The Codorus Creek is a 42.4-mile long body of water affluent of the Susquehanna River in York County. Some parts of the creek are great where most people love to go boating and fishing. The Codorus State Park in Hanover, PA is a great summer attraction with it’s swimming, camping and hiking.

My earliest memories of the Codorus Creek from being a small child was that it smelled awful. When it would rain in the summer It seemed that the smell carried its way along the city street, and no matter the weather the water was always looking brown and filled with trash that people would dump in there. I remember seeing people in a boat off the Market Street Bridge, and would wonder why someone would go into the water that looked and smelled that way.

Aside from the appearance and odor of Codorus Creek, York City carries a violent history with it. No matter what they say you can’t escape the summer of 1969. The riots created an ugly stain of racism and violence that city would like to forget.

For years the rumors ran rampant about who did what and the reasons behind it. The past was repressed for 30 years until the York Daily Record brought the past back to the light. In the year 2000 the paper begin investigating the riots, not everyone was happy to revisit the past.

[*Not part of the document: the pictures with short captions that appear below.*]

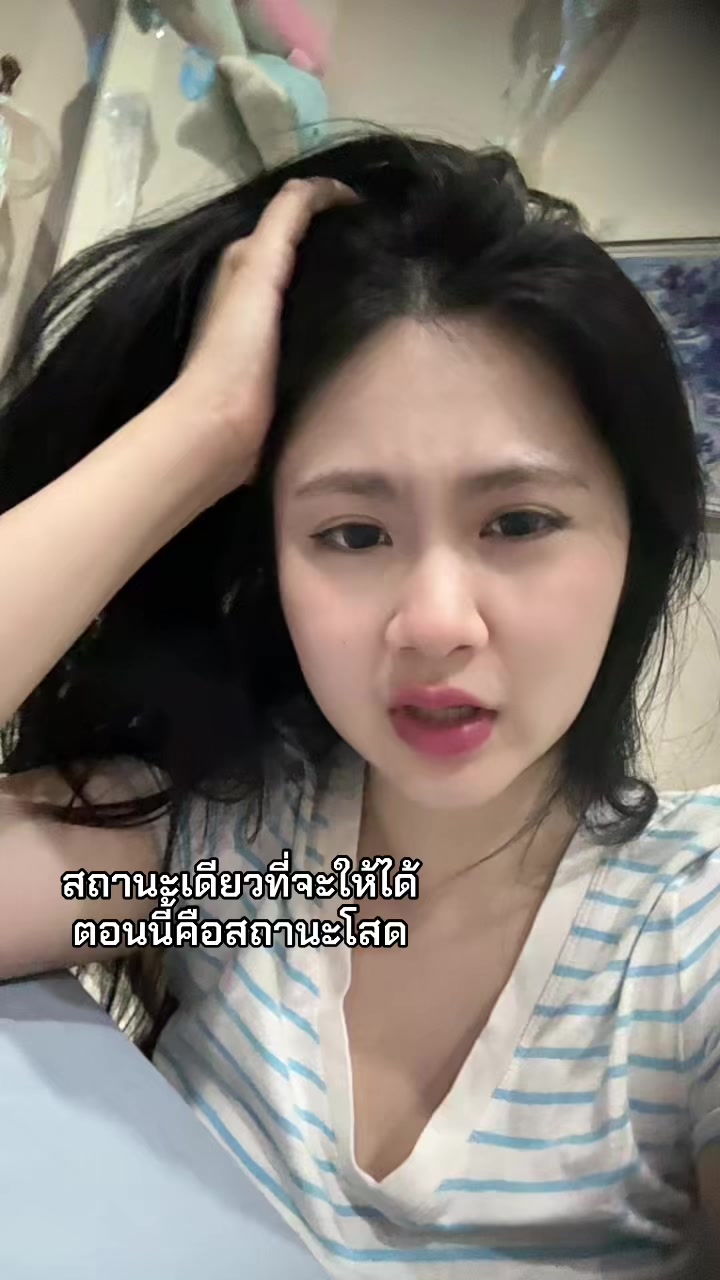 @สามแสนปื้ม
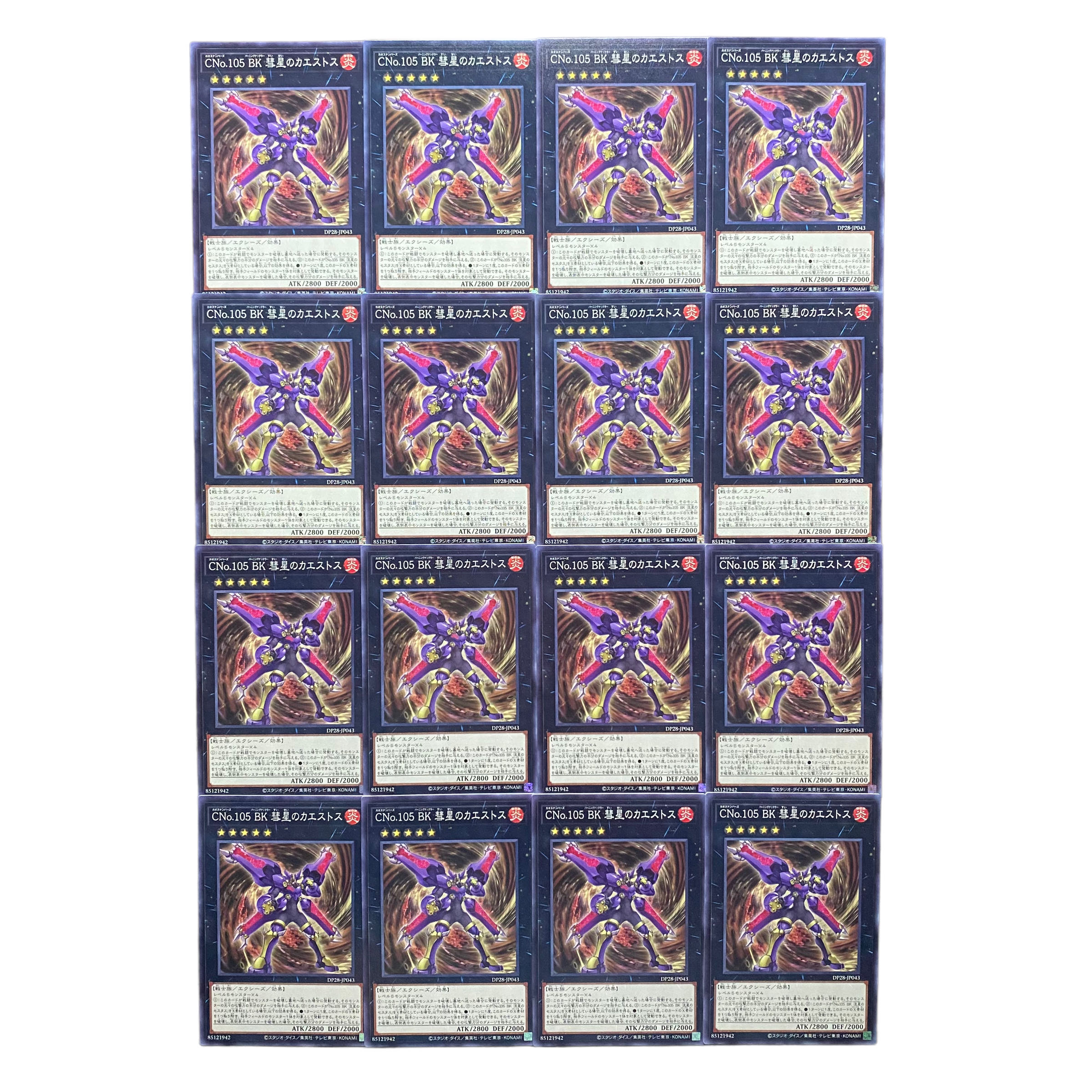 2203【遊戯王】CNo.105BK彗星のカエストス 16枚セット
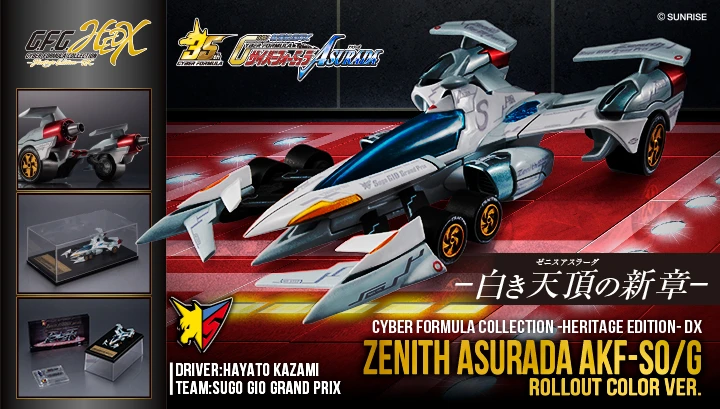 6月預購 代理版 MH限定 CFC HE-DX 閃電霹靂車 AKF-S0/G Zenith 阿斯拉 1014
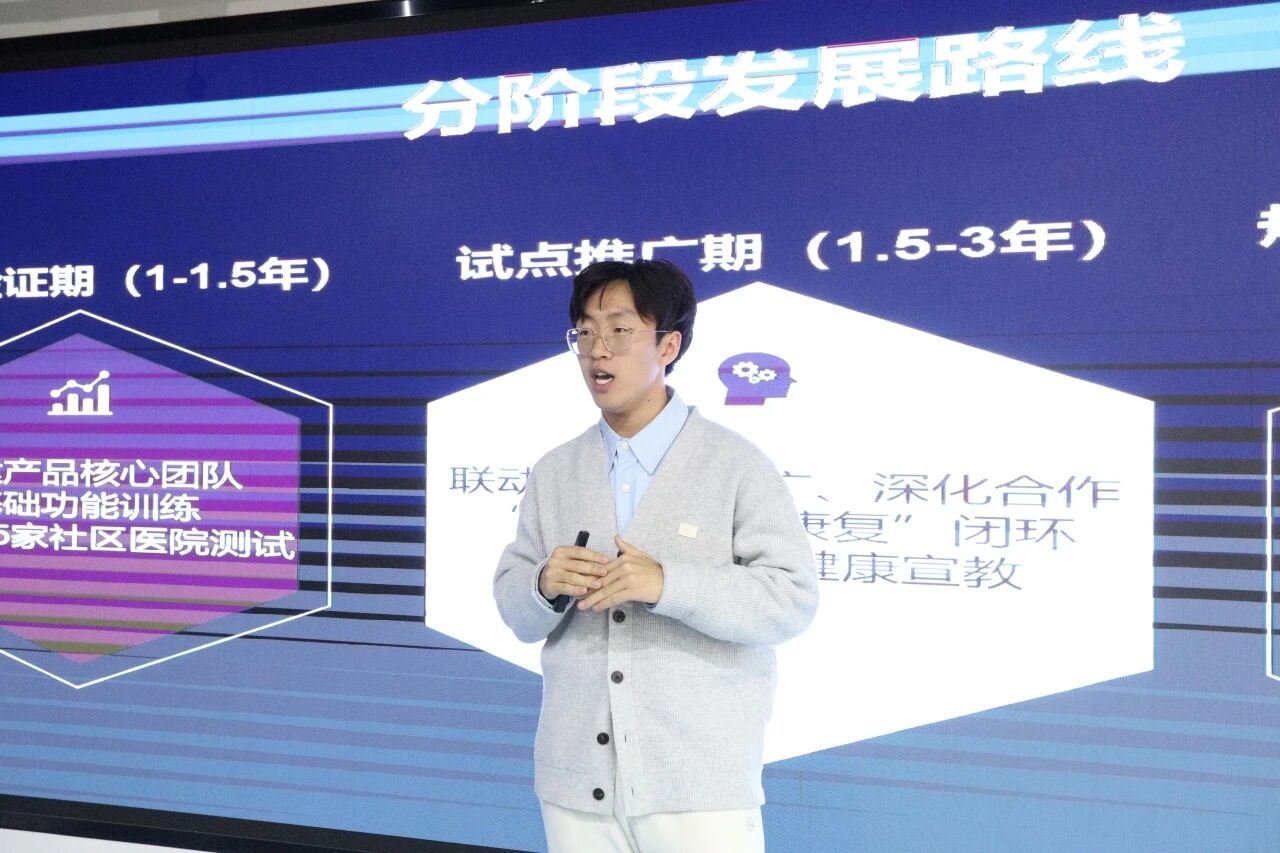 微信图片_2025-12-11_184341_743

During the time of the riots it sparked two of the most infamous murders in the history of the city. The first, being the murder of Lillie Belle Allen from Aiken, South Carolina who was in York visiting family. She was gunned down on the railroad tracks on Newberry Street apparently being mistaken for someone else. The second was the murder of York City Police officer Henry Schaad, who was gunned down while ridding in an armored police van called “BIG DADDY”. Officer Henry Schaad is the only York City Policeman to be killed while on duty.

A number of unsolved murders during this time still haunt the families of the victims. During the most heated times of the riots a black man named William “Mutt” Orr was killed while having breakfast in his home as bullets came though his kitchen and entered his heart. York’s most famous resident Loretta Claiborne’s grandmother Anna Johnson was found nude and beaten at the creeks bed in Bantz Park in September of 1969. Neither of the crimes was never really given too much attention, due to the racial tension died down no one wanted to talk about any of the events during this time. It was an easy chance for the city to heal by not properly dealing with the cases. Many others were wounded during this time as streets ran wild that had to be controlled by the National Guard.

Even after 30 years of trying to repress the memory of violence the sins of the past would catch up to all involved. The law was able to handle some while others chose to take matters in their own hands and take themselves out by committing suicide. Rather than face the shame and life in prison.

As the summer of 1969 came to a close the city was looking to roll in the 70’s with a fresh start. They were looking quick to forget the recent events that gave the city national attention. The world was changing around us they put a man on the moon, the Manson family was terrorizing all of California and the music of Woodstock captured the culture. It would seem as though nothing else mattered though, and that was still about 20 years behind the progress of the rest of the world.

It would stay quite for a while until the 1980’s and a new generation grew up and changed the game on the streets fist fights where the past and guns is how you settled petty differences, no more bloody noses and bruised bodies just death and graveyards. People would do anything for money and getting high was all that mattered. Some choose to steal while others choose to kill and leave the streets a bloody mess.